Mechanisms driving cardiac IrAEs are still unclear and are believed to result from disturbances in immune checkpoint functions in maintaining immunological homeostasis. Actually, PD-1 plays a role in maintaining self-tolerance. It remains unknown whether autoantibodies or autoreactive T-cells are responsible for IrAEs. Most likely, IrAEs results from the interplay of both humoral and cellular immune responses. Activation of autoreactive T-cells leads to the production of auto-antibodies by autoreactive B-lymphocytes via CD4+ T-cells. Moreover, cytotoxic events driven by the interaction between autoantibodies and complement, and CD8+ autoreactive T-cells are involved. These mechanisms account for T-cell infiltration in organ biopsies. Other partners are not to be forgotten as inflammatory cytokines, and innate immune cells [3]. Activation of the immune system may be in agreement with the extent to which patients with IrAEs present good responses to nivolumab suggested by a parallel activation of anti-tumour T-cells and autoreactive T-cells leading to inflammatory side effects of non-targeted organs. Interestingly, in patients with cardiac IrAEs, occurrence of other IrAEs was frequent, 63% under ipilimumab [5] and 44% under nivolumab (Table 1).

Pericardial effusion required pericardiocentesis in 11/16 (69%) patients, while pericardial window was needed in 31%. Corticosteroids were administered in less than half of the cases (Table 1). Pericardial effusion evolved favourably in 75%, except for one patient who died from cardiac arrest [13] and 3 patients who developed recurrent pericardial effusion (Table 1).

In half the cases, nivolumab was stopped despite the absence of progression (94%). Nivolumab was continued in 2 patients: one presented a complete response [18], while the other showed partial response followed by a relapse 5 cycles later [14]. Treatment was resumed in 25%, without recurrence of pericardial effusion [ [12, 13, 15], Case 2].

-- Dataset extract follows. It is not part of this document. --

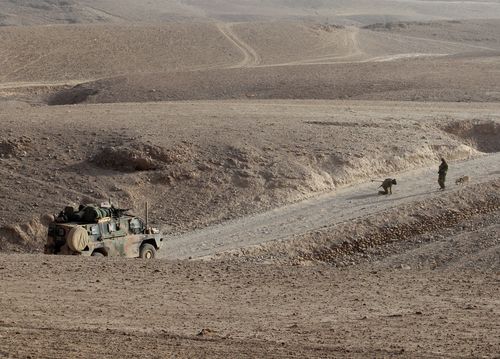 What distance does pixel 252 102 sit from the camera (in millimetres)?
43750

These observations open up new insights concerning the management of IrAEs. Despite that the treatment of IrAEs is based on corticotherapy, in the real life, few patients received this treatment. Corticosteroids were reported to induce rapid and complete resolution of IrAEs, provided that IrAEs were promptly diagnosed and managed. Other treatments were reported as TNF-α monoclonal antibodies or mycophenolate mofetil, with positive outcomes [26]. The consensus from the Society for immunotherapy of Cancer recommends discontinuing ICI permanently after life-threatening IrAEs [27]. The definitive interruption of nivolumab may be challenged, as continuation or resumption of nivolumab after pericardial effusion may be beneficial for the patient, as observed in case 2. The decision to reintroduce nivolumab should be discussed in a multidisciplinary meeting and is based on the benefit-risk ratio and on whether alternative oncologic treatments are available. In our opinion, according to the previous and present case reports, the occurrence of pericardial effusion does not contra-indicate ICI after resolution. Additionally, we recommend routine echocardiogram monitoring for all patients.

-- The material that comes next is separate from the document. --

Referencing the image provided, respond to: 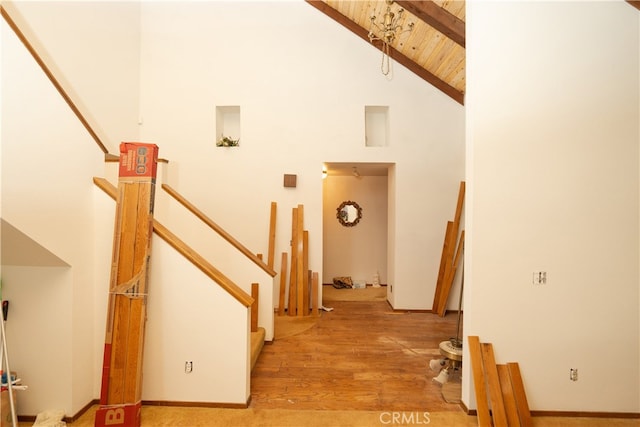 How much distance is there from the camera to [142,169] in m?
2.30

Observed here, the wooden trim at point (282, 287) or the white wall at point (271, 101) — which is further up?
the white wall at point (271, 101)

The diagnosis of pericardial effusion or cardiac tamponade related to nivolumab remains a diagnosis of exclusion. This hypothesis relies on a series of arguments: i. temporal relationship between the onset of symptoms and nivolumab initiation, ii. absence of another identified cause (heart dysfunction, auto-immune disease, infection …), iii. Rapid resolution under corticotherapy, iv. response of targeted lesions to nivolumab, and v. presence of another IrAE.

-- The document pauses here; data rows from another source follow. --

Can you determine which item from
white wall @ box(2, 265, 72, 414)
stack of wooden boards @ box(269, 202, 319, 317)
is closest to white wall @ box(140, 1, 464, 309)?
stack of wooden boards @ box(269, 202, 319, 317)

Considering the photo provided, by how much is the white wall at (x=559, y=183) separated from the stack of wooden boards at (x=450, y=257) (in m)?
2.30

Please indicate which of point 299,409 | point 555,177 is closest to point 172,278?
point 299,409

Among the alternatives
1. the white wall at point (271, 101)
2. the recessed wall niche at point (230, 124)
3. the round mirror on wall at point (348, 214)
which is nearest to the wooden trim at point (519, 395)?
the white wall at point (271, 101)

As a wide spectrum of life-threatening IrAEs may occur under immunotherapies, clinical vigilance is required with close follow-up. Banal symptoms such as dyspnea should not be neglected and should lead to cardiac examination, as they may be the only symptom announcing cardiac tamponade. Additionally, care should be taken for patients with medical history of pericardial effusion, and previous thoracic irradiation.